--- WHAT YOU WILL DO ---
Repeat the listing that follows without a single change.

DATASET RECORDS below:

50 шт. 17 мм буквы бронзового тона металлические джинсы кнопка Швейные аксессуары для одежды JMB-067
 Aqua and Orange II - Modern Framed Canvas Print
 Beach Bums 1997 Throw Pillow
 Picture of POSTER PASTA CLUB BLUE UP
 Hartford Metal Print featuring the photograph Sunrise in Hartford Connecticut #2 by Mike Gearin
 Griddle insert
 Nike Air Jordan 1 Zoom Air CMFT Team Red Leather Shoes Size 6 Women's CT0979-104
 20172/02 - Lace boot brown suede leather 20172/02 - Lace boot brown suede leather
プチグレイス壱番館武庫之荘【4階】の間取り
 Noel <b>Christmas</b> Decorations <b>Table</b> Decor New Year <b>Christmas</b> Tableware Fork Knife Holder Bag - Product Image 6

End of DATASET RECORDS.

--- RESULT ---
50 шт. 17 мм буквы бронзового тона металлические джинсы кнопка Швейные аксессуары для одежды JMB-067
 Aqua and Orange II - Modern Framed Canvas Print
 Beach Bums 1997 Throw Pillow
 Picture of POSTER PASTA CLUB BLUE UP
 Hartford Metal Print featuring the photograph Sunrise in Hartford Connecticut #2 by Mike Gearin
 Griddle insert
 Nike Air Jordan 1 Zoom Air CMFT Team Red Leather Shoes Size 6 Women's CT0979-104
 20172/02 - Lace boot brown suede leather 20172/02 - Lace boot brown suede leather
プチグレイス壱番館武庫之荘【4階】の間取り
 Noel <b>Christmas</b> Decorations <b>Table</b> Decor New Year <b>Christmas</b> Tableware Fork Knife Holder Bag - Product Image 6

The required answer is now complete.